Specimen Components—The adhesive joints at the frame corners were pro­duced at room temperature in the testing shed of the Institute for Building Con­struction. The areas to which adhesive was to be applied on both components— frame support and cantilever—were thoroughly cleaned with a mixture of ace­tone and isopropanol. Final, careful cleaning shortly before fitting the parts to­gether was carried out with a solvent-based cleaner supplied by the adhesive manufacturer.

The two individual parts of the sample component were aligned in a jig and fixed in position. The bottom and sides of the joint were sealed to prevent uncontrolled loss of the adhesive during application. The bottom seal, a trans­parent adhesive tape made from acrylate, remains in place, whereas the side seals are removed once the adhesive has cured.

The two adhesive joints at the frame corner were filled with adhesive one after the other. A flat nozzle with an oval cross section enables the viscous adhesive (vis­cosity approximately 17500 mPas) to be injected into the ~1.9-mm-wide gap pro­vided for the adhesive. A housing shields the working area against the ingress of unwanted daylight. Once the adhesive had been injected, intermittent exposure to low-energy radiation from UV fluorescent lamps on both sides followed (intensity at a distance of 7 cm: UV 1.8 mW/cm2, blue 3.5 mW/cm2; intensity at 12 cm: UV 1.3 mW/cm2, blue 2.9 mW/cm2). Three lamps positioned at a slight angle were placed on both sides. This meant that curing in the bottom part of the adhesive joint proceeded faster than in the top part of the joint, and that meant that the loss of ad­hesive, the volume of which decreases during curing, could be compensated for by the reserves of adhesive at the sides and top of the joint.
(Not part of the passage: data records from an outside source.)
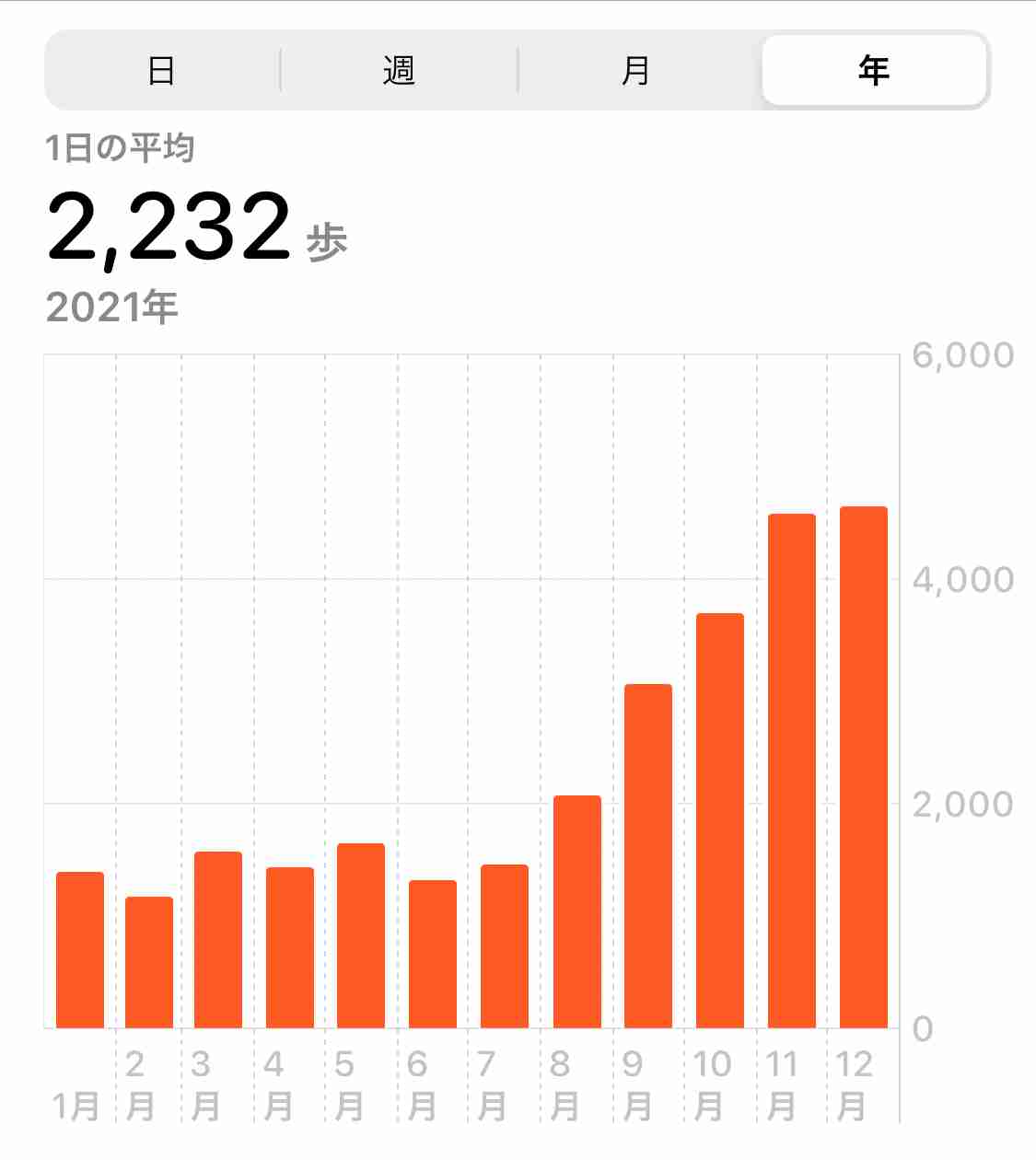 この一年の平均歩数は？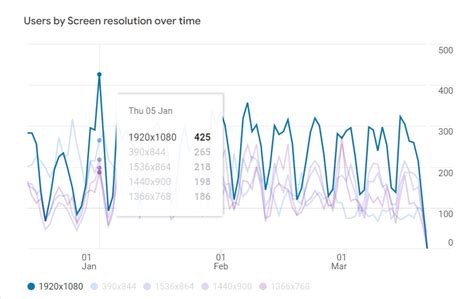 Image result for Resolution Scale Chart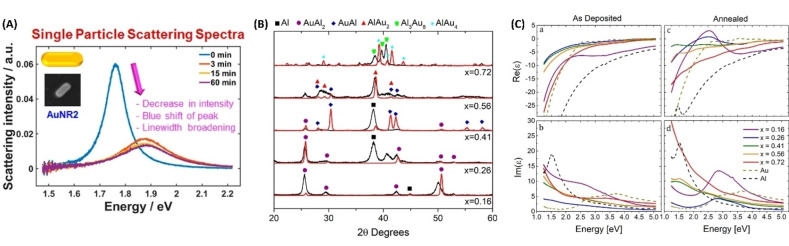 Figure 17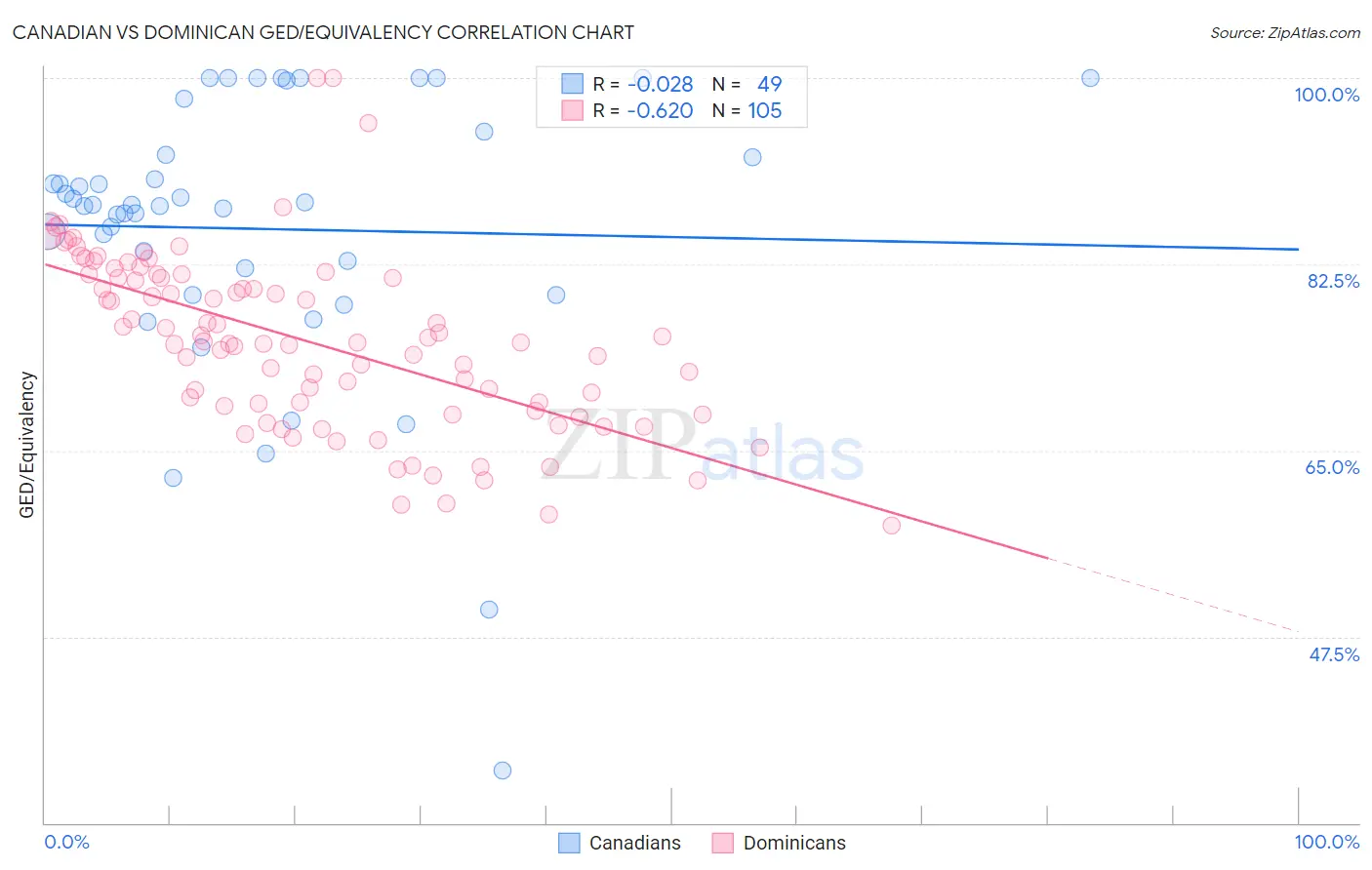 Canadian vs Dominican GED/Equivalency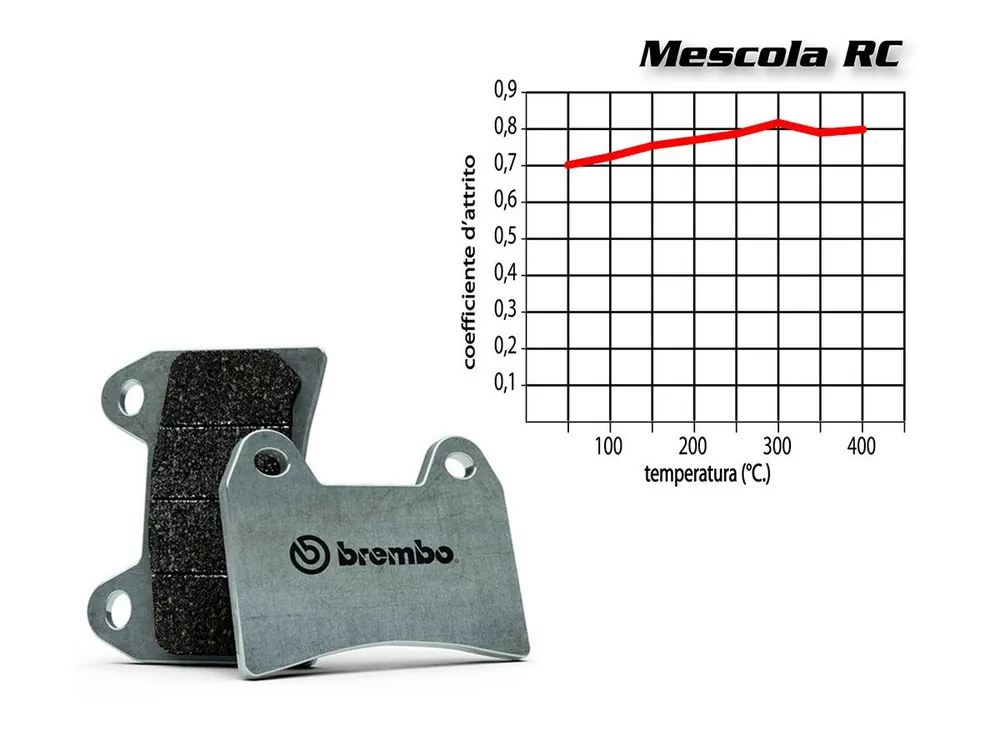 SET PASTIGLIE FRENO ANTERIORE BREMBO KTM SMR 450 2007-2012- Occasione Imperdibile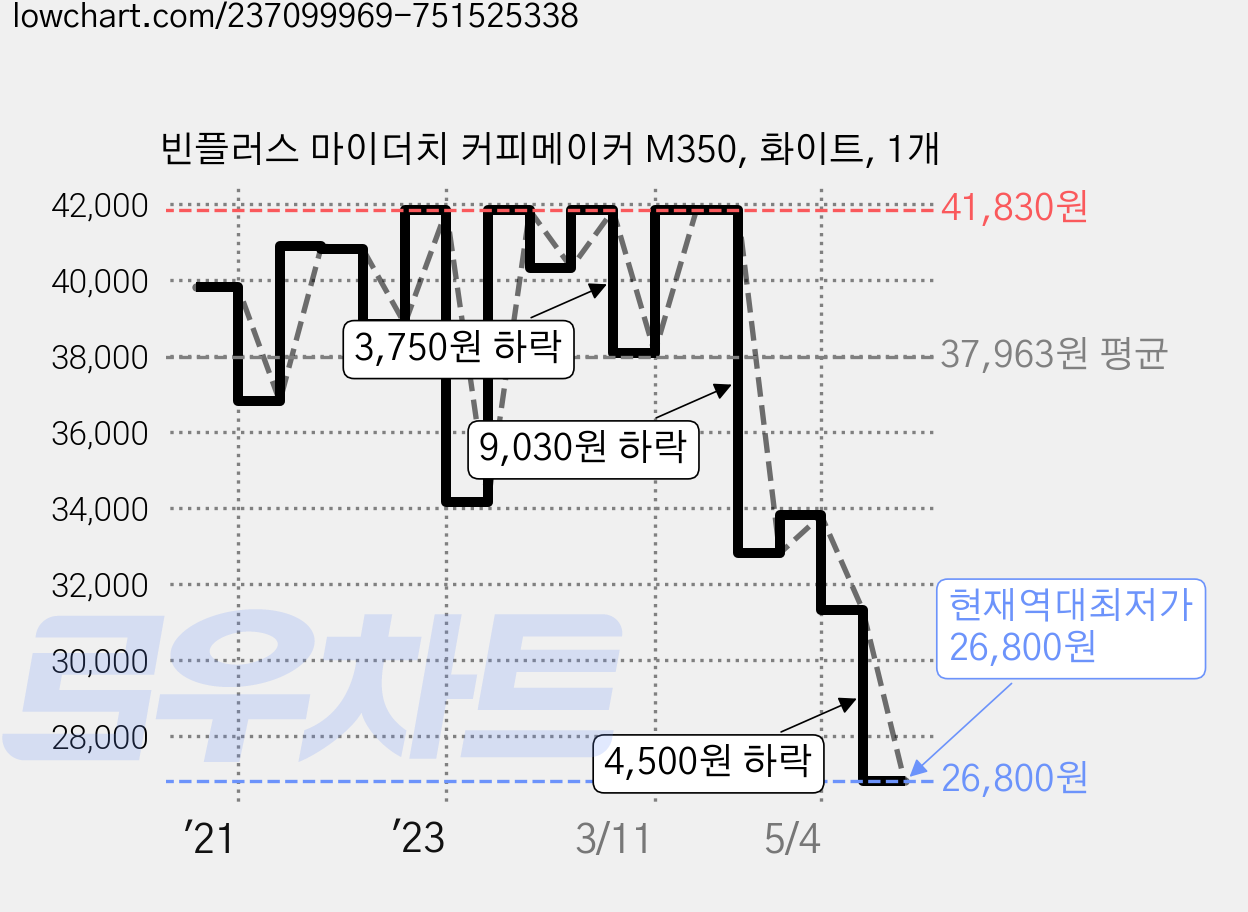 빈플러스 마이더치 커피메이커 M350, 화이트, 1개 가격 변동 차트, 현재가 26,800원, 역대최저가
Finally, brief exposure to radiation from a focused beam lamp with a high output (intensity at a distance of 60 cm: UV 12.7 mW/cm2, blue 67.9 mW/cm2) ensured that the final strength and stiffness were achieved. This production method was developed for the all-glass en­closure described in Ref [15] (see also “Previous Work" above). Comprehensive technology testing for this project revealed that the combination of low-intensity curing in the first stage and high-intensity curing in the second stage lead to a high bearing capacity, as well as to an excellent optical quality of the joint.